I have created a new command line tool “pgdiff” along the lines of what BB has been talking about, which compares two independently OCR’ed texts on a word-by-word basis, so as to find and flag errors. In this regards it is similar to “worddiff”, as opposed to “diff” which is the approach BB has been talking about, which compares on a per-line basis. But my new tool has several tricks that haven’t been seen before:

It can be used with two different versions or editions of the text as long as there are not really long differences in the texts. IE the two texts do not have to have their linebreaks at the same locations. It tries to retain the linebreak locations of the first input text in preference to the second input text. IE the first input text should represent the target text you are trying to create.

This means it can also be used for “versioning” – for example using a copy of a PG text from one version or edition of a text to help fix and create a text from a different version or edition of the text.

It can also be used to recover linebreak information, where linebreak information has been lost, for example to take an older PG text and recover linebreak information in order to allow, for example, the resubmission of that PG text back to DP for a clean-up pass.

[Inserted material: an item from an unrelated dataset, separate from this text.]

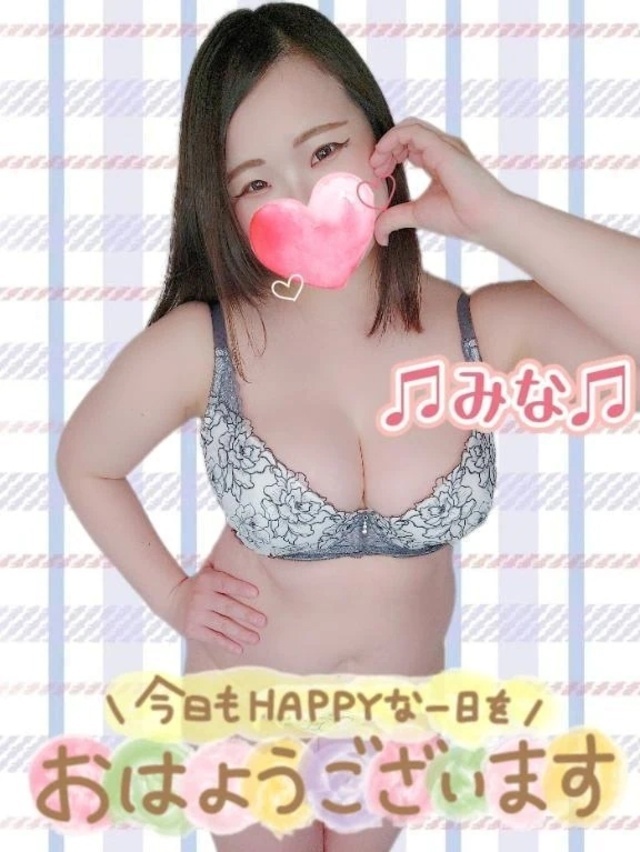 お日様に負けないようにね٩(*`∀´*)ง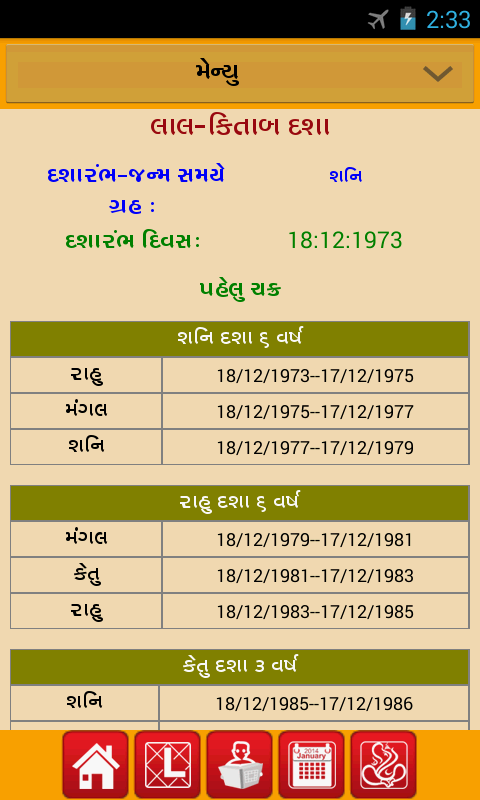 Janam kundli in gujarati language software free download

In normal mode when if finds an mismatch it outputs the mismatch like this { it’ll | it’11 } within the body of the text so that given a regex compatible editor it is very quick to search for and fix the errors found.

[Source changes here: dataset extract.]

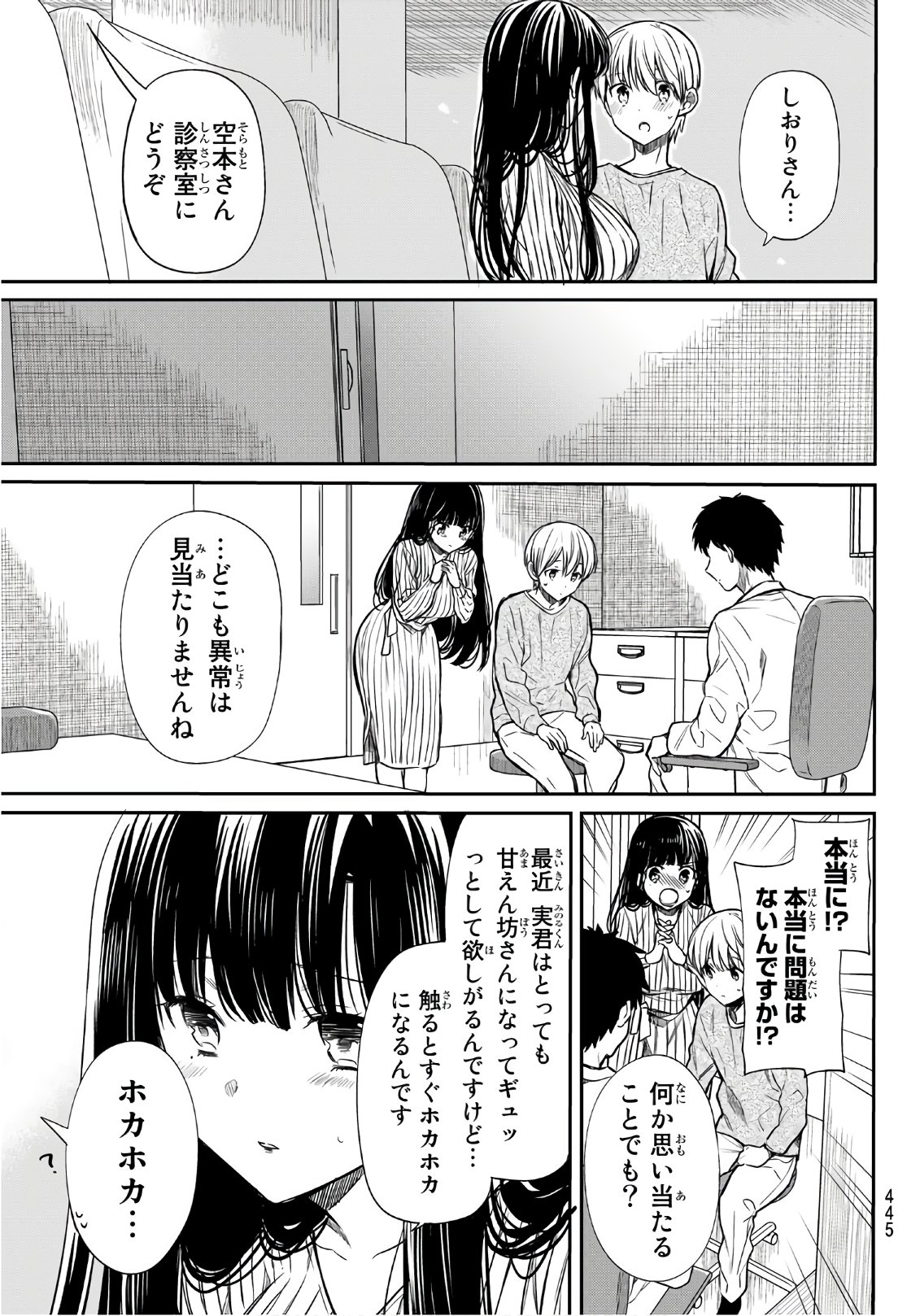 男子高校生を養いたいお姉さんの話 第112話 - Page 3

As BB says, having tried this approach, the manual approach of trying to visually spot errors seems pretty painful and silly.

I find that finding differences on a word basis rather than a line basis makes it quicker and easier to fix the errors in general.

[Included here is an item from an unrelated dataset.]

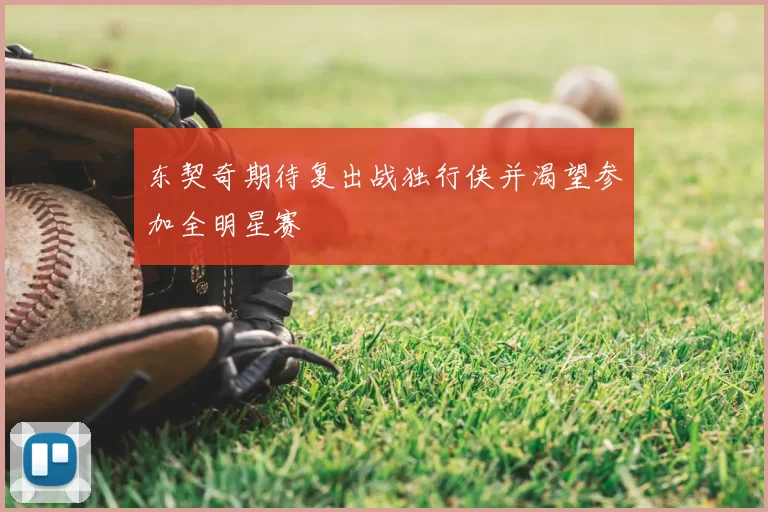 东契奇期待复出战独行侠并渴望参加全明星赛
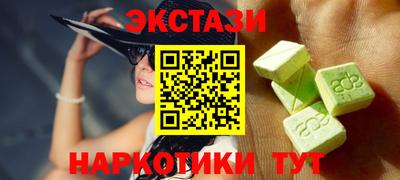 таблы Балашиха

You do want to do some regex punc normalization on the two OCRs to try to remove the trivial differences prior to running the tool, in order to cut down the number of trivial errors it finds that you have to fix.

Source and a compiled windows version at http://www.freekindlebooks.org/Dev/StringMatch

It is based on traditional Levenshtein Distances where the token is taken to be the non-white part of a “word” as opposed to measuring distances between lines of text or on individual characters.